Play for Today at 50: Contexts and Legacies

Lead Research Organisation: Royal Holloway University of London
Department Name: Media Arts

Abstract

Play for Today was launched on BBC1 in October 1970 and ran until 1984, commanding audiences of several million. Although it is generally recognised to be one of the most significant of television drama series in the history of television, responsible for an array of socially significant and artistically innovative work by a wide range of writers and directors, there is as of yet no major academic or popular study of the series. Its reputation, moreover, has rested upon a small number of high-profile plays and writers (such as Dennis Potter) with the result that many of the plays that composed the series have been lost, forgotten or critically ignored. The purpose of this project, therefore, is to revisit the history of the series and its artistic and critical legacy through a study of its original context of production and reception and an examination of its subsequent influence and critical standing. It will seek to address both the range of the work produced and the critical paradigms through which the plays have been addressed.

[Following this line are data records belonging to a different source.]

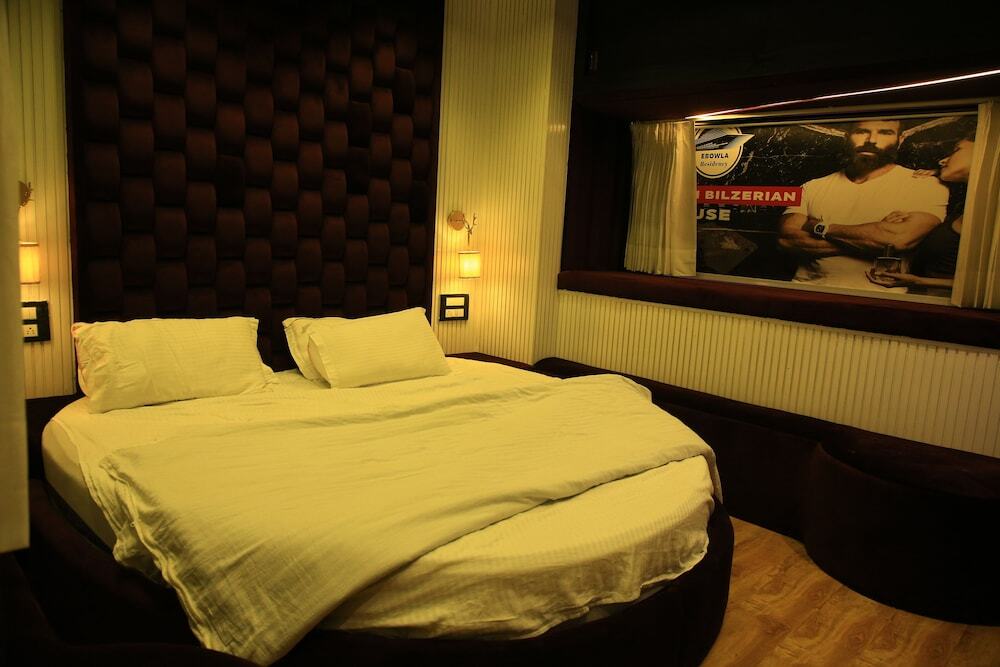 Rohtak: Ebowla Residency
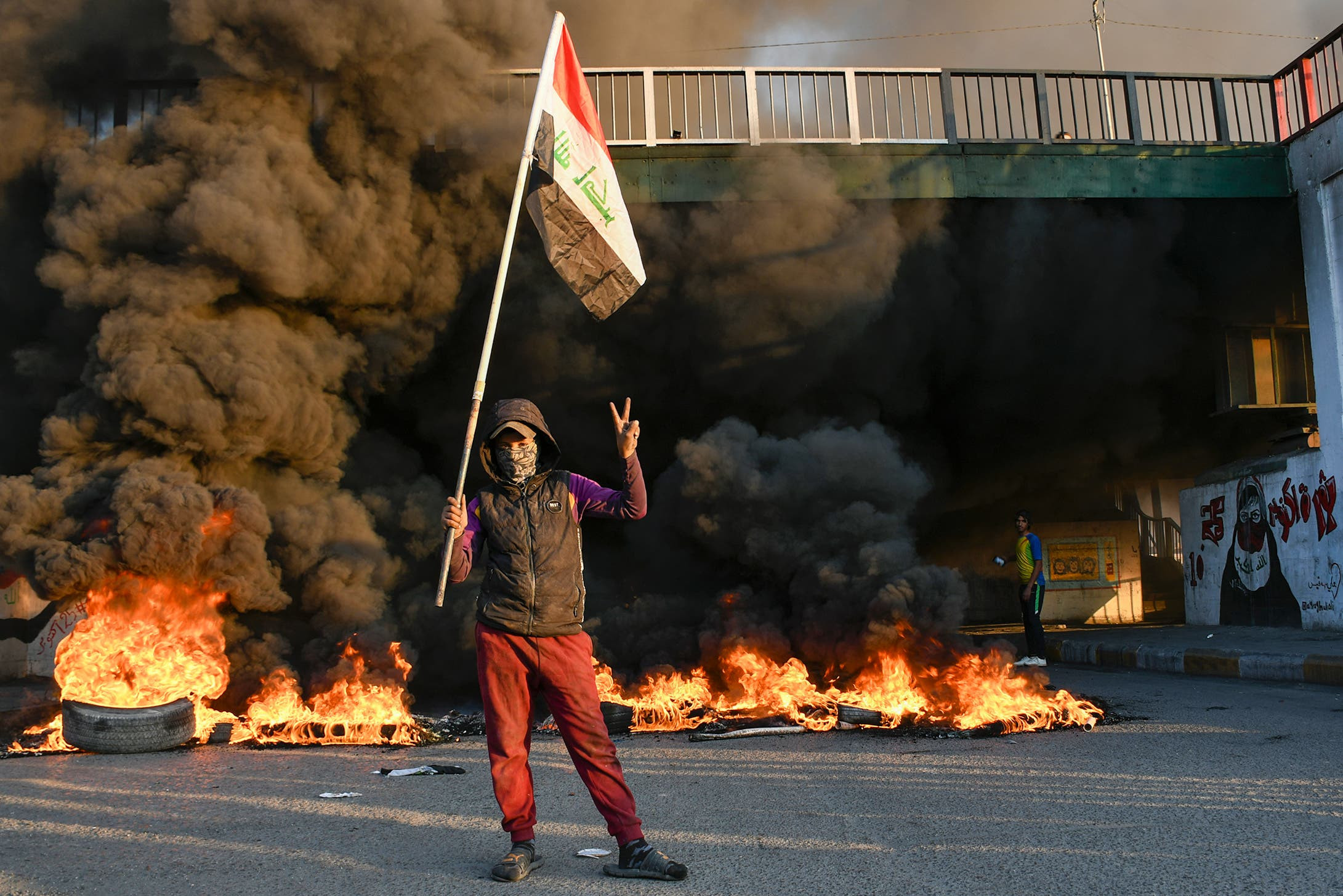 العراق.. عودة القناصة لقتل المتظاهرين ومدن تنتفض عن بكرة أبيها
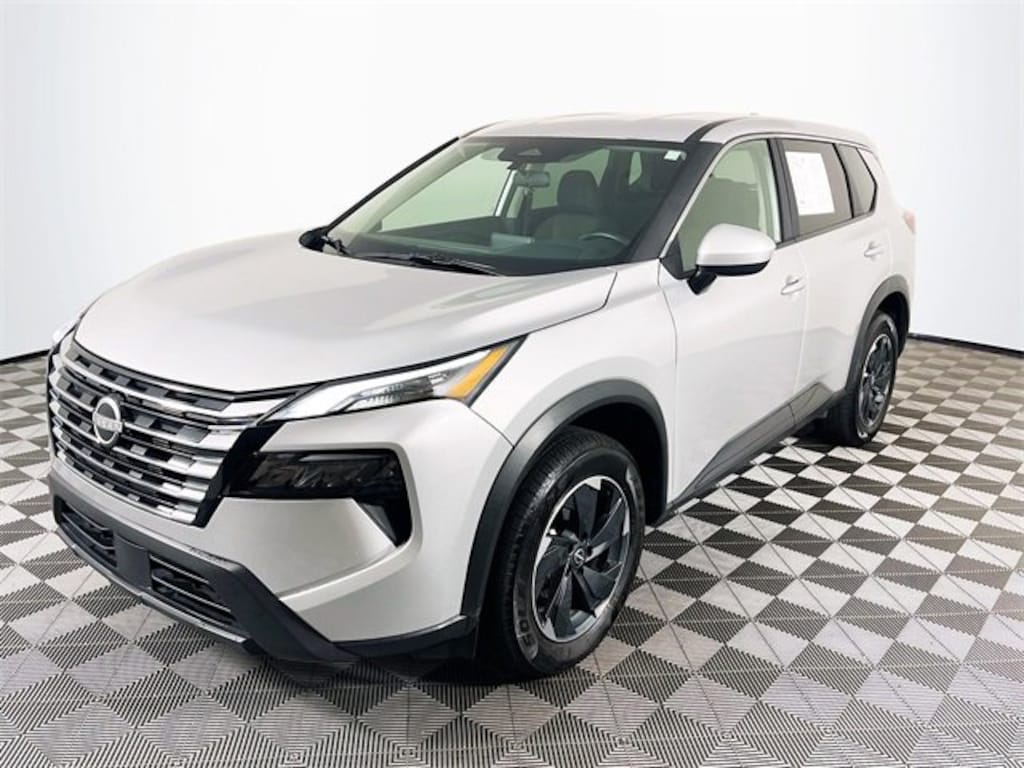 Used 2025 Nissan Rogue SV SUV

In doing so, it will also assess how different plays have become 'canonised' while others have been ignored or marginalised as a result of archiving practices, television programming and academic writing. The research will coincide with the 50th anniversary of the Play for Today series and involve collaboration with the British Film Institute and the Centre for the History of Television Culture and Production at Royal Holloway in the collection and selection of material as well as the organisation of screenings, talks and a related conference.